In [2]:
import numpy as np
import tables as tb

Create a new HDF5 file

In [3]:
f = tb.open_file('myfile.h5', 'w')

Create an HDF5 table with two columns:
* The name of a city (a string with at most 64 characters)
* Population (32-bit integer)

In [4]:
dtype = np.dtype([('city', 'S64'),
                 ('population', 'i4')])

Create the table in `/table1`:

In [5]:
table = f.create_table('/', 'table1', dtype)

In [6]:
table.append([('Brussels', 1138843),
             ('London', 8308369),
             ('Paris', 2243833)])

After adding rows, we need to flush the table to commit the changes on disk:

In [7]:
table.flush()

There are many ways to access the data from a table. The easiest but not particularly efficient way is to load the entire table in memory, which returns a NumPy array:

In [8]:
table[:]

array([(b'Brussels', 1138843), (b'London', 8308369), (b'Paris', 2243833)],
      dtype=[('city', 'S64'), ('population', '<i4')])
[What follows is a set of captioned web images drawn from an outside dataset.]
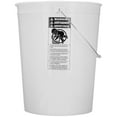United Solutions 5Gallon Plastic Utility Pail with Handle, White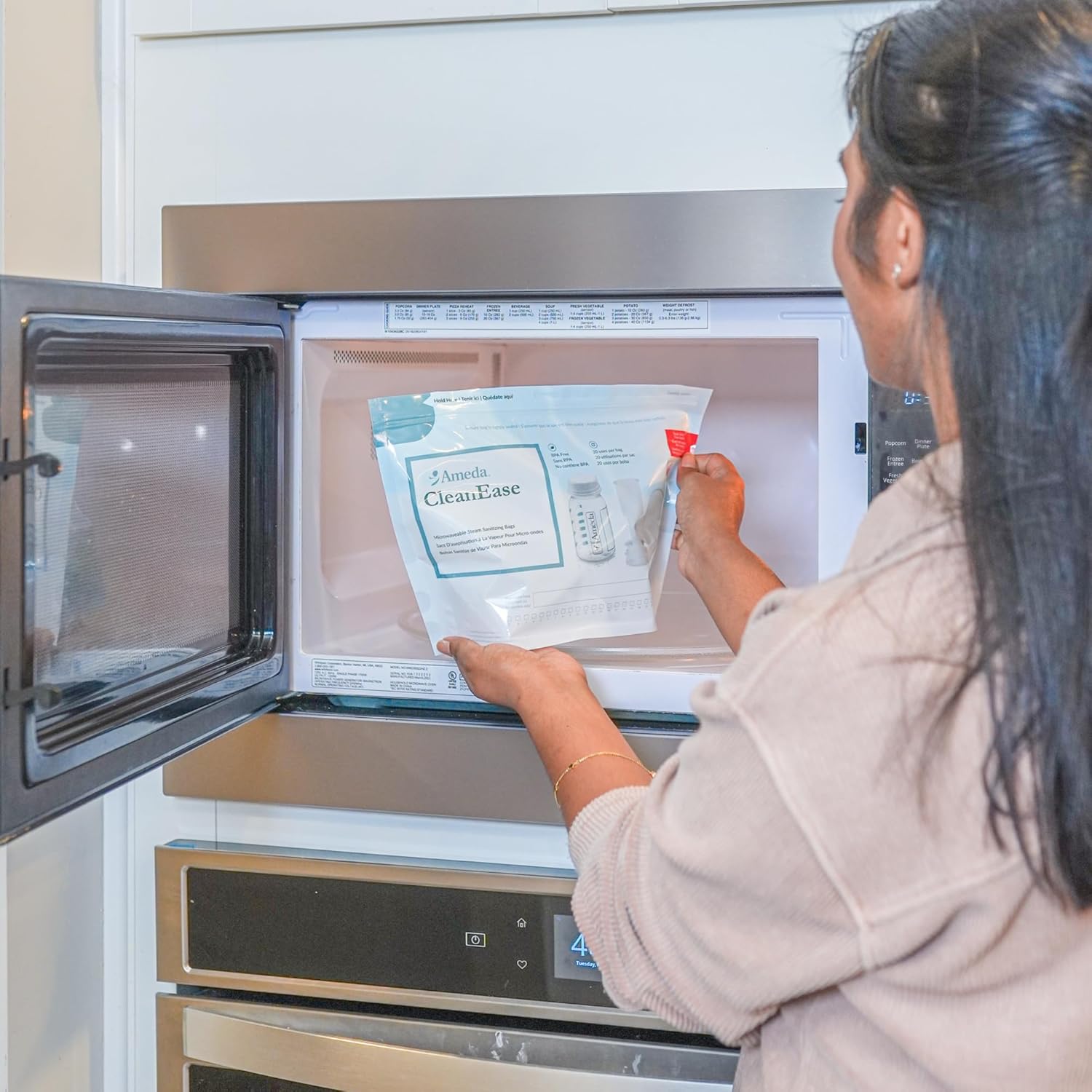 Microwaveable Steam Sanitizing Bags Ameda Clean Ease For Breast Pump Parts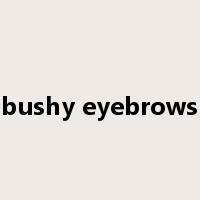 bushy eyebrows是什么意思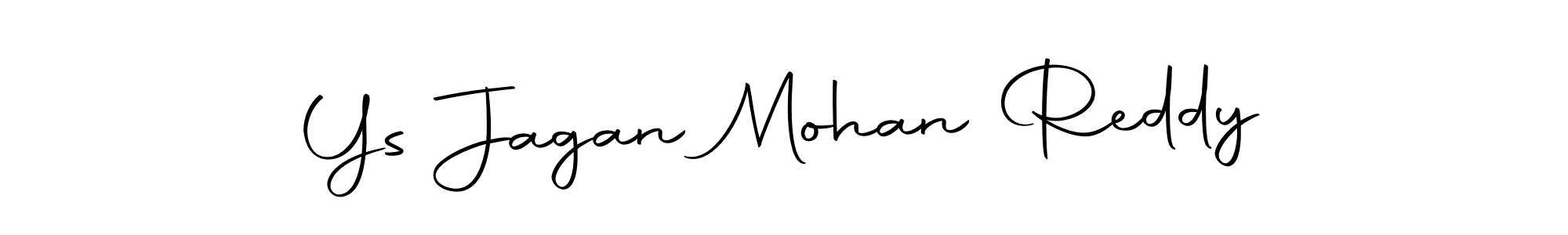 Design your own signature with our free online signature maker. With this signature software, you can create a handwritten (Autography-DOLnW) signature for name Ys Jagan Mohan Reddy. Ys Jagan Mohan Reddy signature style 10 images and pictures png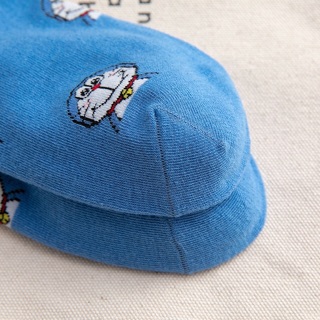 Tất Vớ Cao Cổ Chấm Bi Doremon Doraemon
It is also possible to load a particular column (with all rows):

In [9]:
table.col('city')

array([b'Brussels', b'London', b'Paris'], dtype='|S64')

When dealing with a large number of rows, we can make a SQL-like query in the table to load all rows that satisfy particular conditions:

In [10]:
[row['city'] for row in table.where('population>2e6')]

[b'London', b'Paris']